LOVEwork at Luray Caverns
Truth be told, our first foray with the LOVEworks signs began six years ago at Luray Caverns. The kids were much younger and loved climbing on it, and we loved the new and fun photo op.
LOVEwork at Airlie
Airie is a hotel and conference center in Warrenton that, in addition to being a historic building, is a pioneer among environmentally friendly hotels. Their LOVEwork sign was the first in Warrenton, and true to its reputation, is constructed with 95% recycled material. In the L are wine bottles, the O is an old farm tractor tire, the V is a trellis with vines growing in it and reminiscent of the Pont des Art Bridge in Paris, the E allows ‘love locks’ to be attached. After couples bring their lock and attach it, there is a special box in the tractor tire used to throw away the key. (Very romantic!)
LOVEwork at Culpeper Depot
Despite its incorrectly spelled name (there really ought to be two p’s in pepper), Culpeper has a fascinating history. It was originally named Fairfax; was a crossroads for armies marching through Virginia during the Civil War; and is home to The State Theater, an art deco theater opened in 1938. The theater has had several lives, including playing a part during segregation and being reborn and partnering with The Library of Congress. It is currently closed but shines a light on the fact that movies and the arts have always been a part of the city’s history. We discovered a quaint walking town, and a historic train station. Across from the train station is the Culpeper Loveworks sign called “Reel LOVE” because it is made of movie reels. There is a train that can take you from Manassas to Culpeper if you’re curious.
LOVEwork in Leesburg
In Leesburg, there’s an entrance to the W&OD (Washington & Old Dominion Railroad) trail, well-known for bikers and trail runners. The LOVE sign here was designed by a local artist and metal fabricator and is made of wheels and tire spokes.
LOVEwork in Purcellville
At the end of the W&OD trail is Purcellville. The Purcellville LOVEworks sign represents Loudoun County’s winery industry and has wine labels and corks from all 35 Loudoun wineries and art from local artists as well. Purcellville is an old town, founded in the 1740s, and we found that it was chock full of boutiques and antique stores that our entire family enjoyed exploring. (It must be noted that the adults did not care so much for finding relics from our childhood in said “antique” stores.) It too was a critical juncture in the Civil War and as such, the “Great Road” was constructed to connect the city to Leesburg and eventually on to Alexandria, as the precursor to the W&OD trail. Sadly many of Purcellville’s historic buildings were destroyed in two fires, but the town was able to survive thanks to the railroad. The historic train station was a treat and you can learn more about the city in it.

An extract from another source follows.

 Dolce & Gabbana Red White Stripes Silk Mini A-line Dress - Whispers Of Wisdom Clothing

LOVEwork at Morias Vineyard
Bonus – we went to a winery and it had a LOVEwork sign! No history here, but, this particular winery is constructed completely out of cement, even the sign.
LOVEwork in Orange
Orange County is best known for being home to James Madison, father of our Constitution and his home, Montpelier. The LOVE sign was constructed by a local blacksmith and the L is representative of the Constitution, the O represents the civil war and the county’s involvement in it, the V has vines representing Orange County’s wine industry and the E has horseshoes representing the equestrian history and culture of the area. The sign and Orange County’s beautiful historic buildings were fun to explore.

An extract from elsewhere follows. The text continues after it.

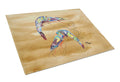 Shrimp  Sandy Beach Cutting Board Tempered Glass Kitchen Cutting Surface, Heat Resistant Chopping, Non-Slip Feet, Food Prep & Serving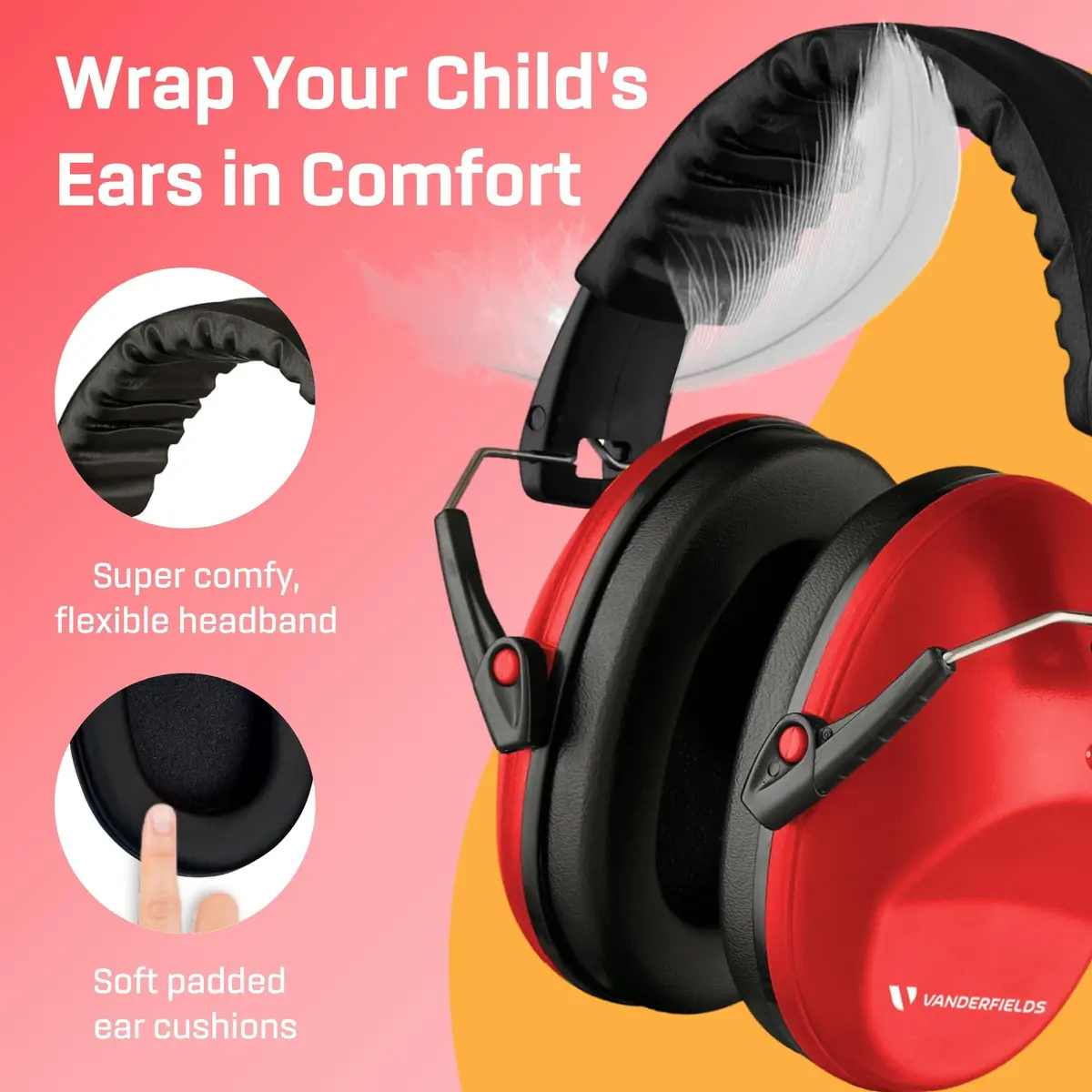 Vanderfields Kids Noise Canceling Headphones - Red Nomad - 240g (8.5 oz) - view 5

LOVEwork in Liberty Mills Farm
This LOVEwork sign was a tricky one to find. Waze steered us in the wrong direction and we were driving around farmland for quite some time until we located it. Set on Virginia’s largest corn maze (25 acres!), Liberty Mills Farm also has pick your own strawberries and produce. The sign is a nod to Virginia’s agricultural heritage and growing agri-tourism.

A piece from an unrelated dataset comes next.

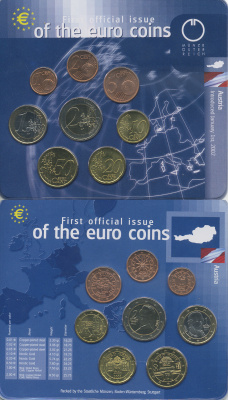 Австрия евронабор из 8 монет 2002 официальный выпуск в пластике    UNC  3897-4-1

I’ll admit that I now understand our state slogan. Virginia is full of rich history, agriculture, emerging environmental efforts and let’s not forget the wineries. I encourage you map out a trip like this. We spent countless hours in the car without staring at screens, actually talking to each other (except for the occasional car nap), and at times it felt like we were driving through a movie set – the towns were so beautiful! It’s one of the best memories I have of time spent with my family and what’s not to LOVE about family time?